NON Á L’EXTRADITION DES EXILÉ·E·S POLITIQUES ITALIEN·NE·S ARRÊTÉ·E·S EN FRANCE
NON Á LA VENGEANCE CRIMINELLE ET SANS LIMITE DE L’ÉTAT

Mercredi 28 avril, une opération de police d’ampleur arrêtait neuf Italiennes et Italiens, dans le cadre d’une procédure d’extradition visant à expulser dix femmes et hommes vers l’Italie où les attend la prison à vie.
Ces dix personnes visées par la procédure d’extradition qui a débuté mercredi dernier vivaient en France où elles avaient été accueillies il y a plusieurs décennies. Des vies ont été reconstruites, des familles fondées, protégées par le refus de principe de la France de répondre aux demandes d’extradition de militantes et militants politiques.
Au Tribunal de la Cour d’Appel, la justice française a décidé différents degrés de liberté surveillée, en attendant les audiences programmées en juin pour chacune devant la Chambre de l’Instruction pour examiner la demande d’extradition vers l’Italie.

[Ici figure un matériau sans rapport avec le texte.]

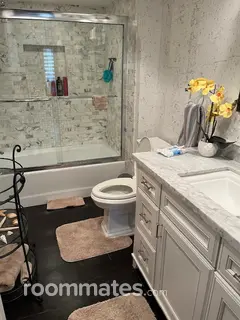 Room for rent in Laguna Hills, CA $1150, house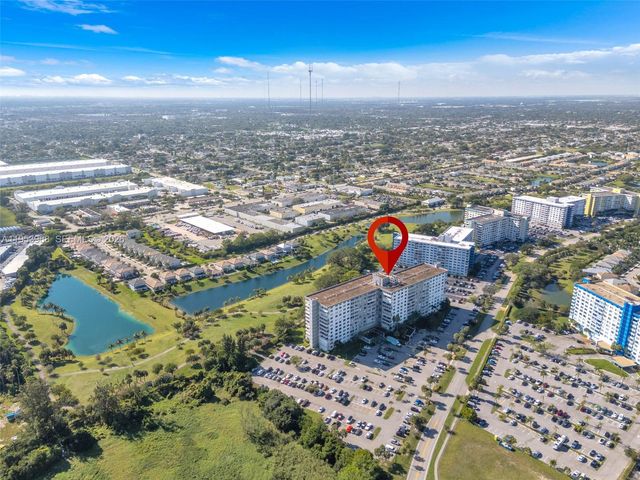 3800 Hillcrest Dr 203 203, Hollywood, FL 33021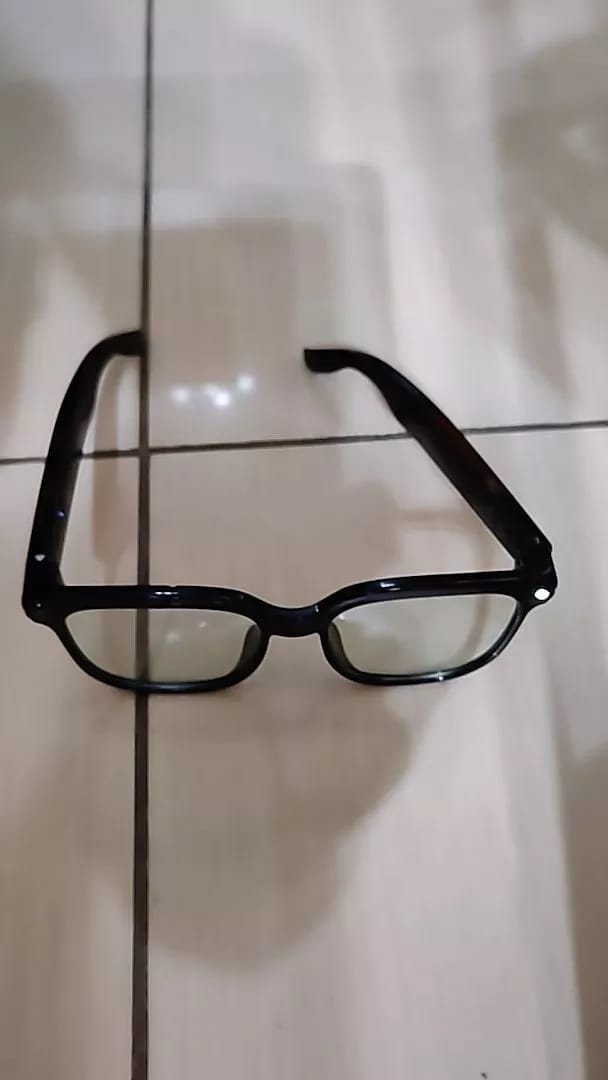 Customer photo review of AI Smart Sunglasses Camera with photochromic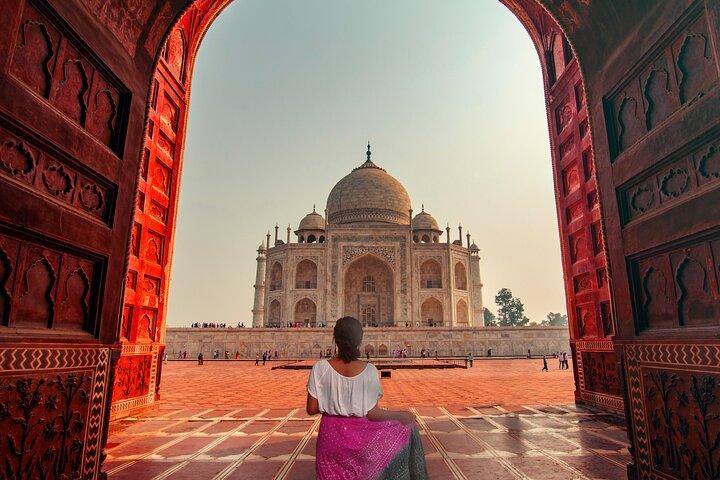 5-Day Private Luxury Golden Triangle Tour to Agra and Jaipur From New Delhi
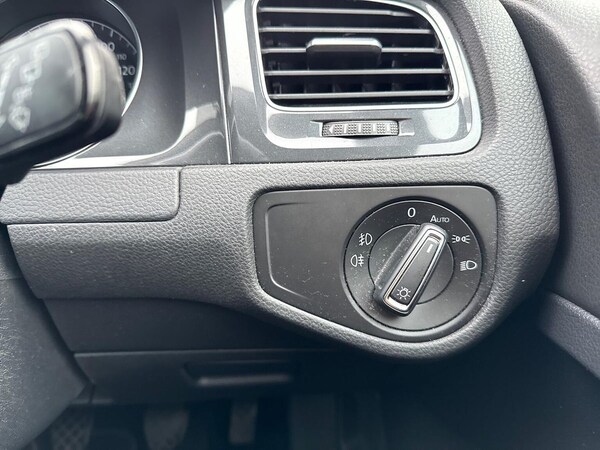 Used Volkswagen Golf 2019 for sale - 76157152: Photo 27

Arrêter des personnes en exil 40 ans plus tard est une honte pour l’image internationale de la France en totale contradiction avec les valeurs universelles qu’elle prétend défendre. Ces personnes en exil en France, y avait trouvé une fragile protection face à la répression et la justice d’exception qui sévissaient alors dans leur pays.

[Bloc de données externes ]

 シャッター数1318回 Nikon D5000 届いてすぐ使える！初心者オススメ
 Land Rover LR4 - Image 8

À partir de la fin des années 1970, plusieurs centaines d’Italiennes et d’Italiens, recherchés par la justice de leur pays, fuient vers la France, où certain·es d’entre elles et eux s’installent. L’Italie connaît alors la fin d’une décennie d’affrontements politiques et sociaux de très grande ampleur et parfois d’une grande violence. De l’attentat néofasciste de la Piazza Fontana en décembre 1969 à celui de la gare de Bologne en août 1980, sur les 360 meurtres attribués aux militant·e·s d’extrême-gauche par le ministre français de la Justice, M. Dupont-Moretti, les deux-tiers sont le fait de cette extrême-droite adepte des attentats aveugles tuant des dizaines de personnes dans les lieux publics. Cette extrême droite, dont les ramifications dans l’appareil d’État sont aujourd’hui avérées, n’a été que marginalement poursuivie.

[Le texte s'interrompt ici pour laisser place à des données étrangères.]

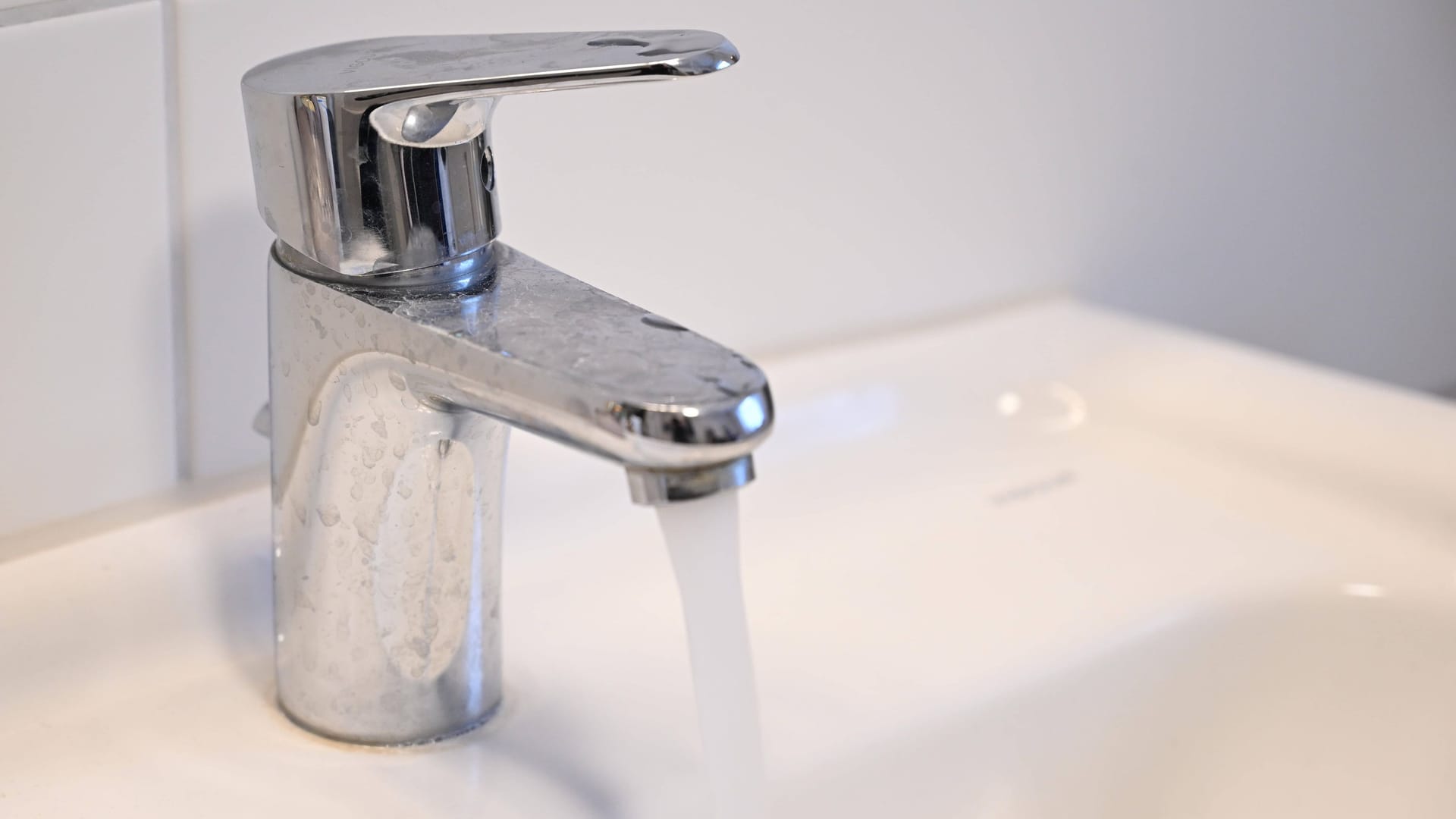 Ein Wasserhahn (Archivbild): In Berlin wird weiterhin zu viel Wasser verbraucht. Ein Wasserhahn (Archivbild): In Berlin wird weiterhin zu viel Wasser verbraucht.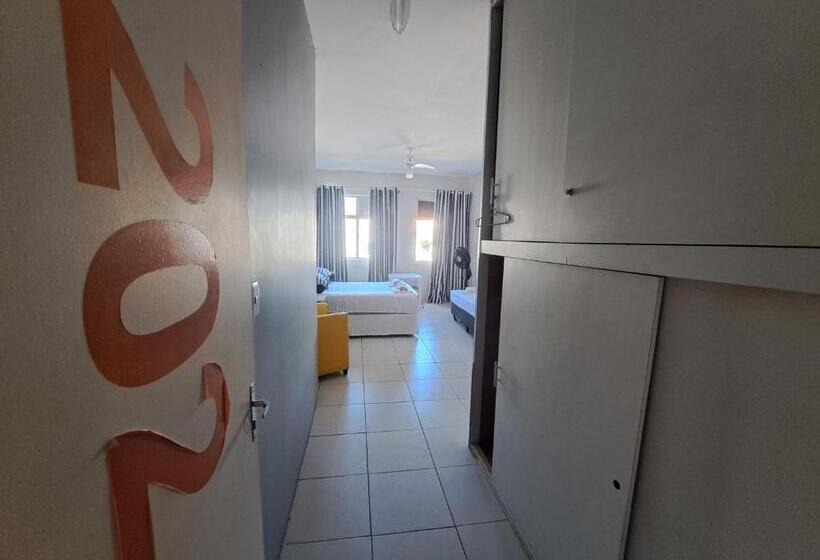 חדר סופריור לשלושה עם נוף לים, Mangue Oranje Hostel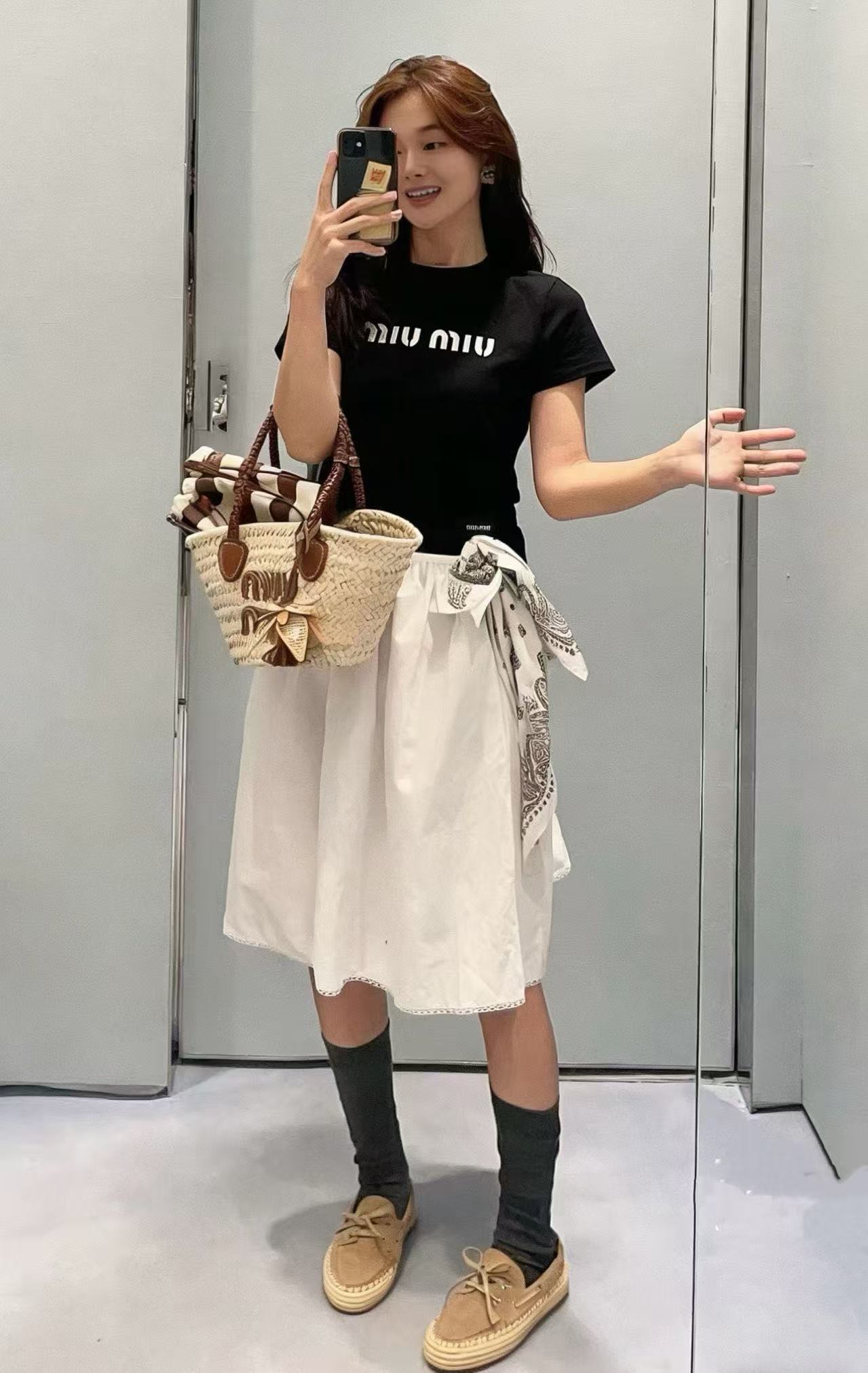 M1UM1U レターTシャツ【50％割引+送料無料】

Les faits reprochés remontent à plus de 40 ans. Elles et ils ont été jugé·e·s et condamné·e·s en Italie dans des conditions d’une répression féroce et de masse (60 000 procès, 6000 prisonniers politiques), marquée par de nombreux enfermements sans condamnation, … sur la foi d’enquêtes hasardeuses. Marina Petrella a passé 8 ans en détention préventive. Les procédures utilisées pour imposer les peines avaient été jugées, à l’époque, incompatibles avec les principes de l’État de droit français
À cette époque en effet, un arsenal législatif d’exception a été mis en place en Italie, dirigé principalement contre l’extrême gauche. La loi Reale de 1975, les décrets-lois de 1978, 1979 et 1980 ont renforcé les pouvoirs de la police, alourdi les peines, militarisé la lutte antiterroriste. Le dispositif des « repentis » a permis des remises de peine à des accusé·es qui en dénoncent d’autres. C’est dans le cadre de ces lois et sur la foi de déclarations de ce type qu’ont été prononcées de nombreuses condamnations. Cette législation d’exception, dénoncée par Amnesty International et d’autres organisations de droits humains a fondé la décision de la France de ne pas extrader celles et ceux qui s’étaient réfugié.e.s sur son territoire, sous condition d’abandon de toute activité illégale.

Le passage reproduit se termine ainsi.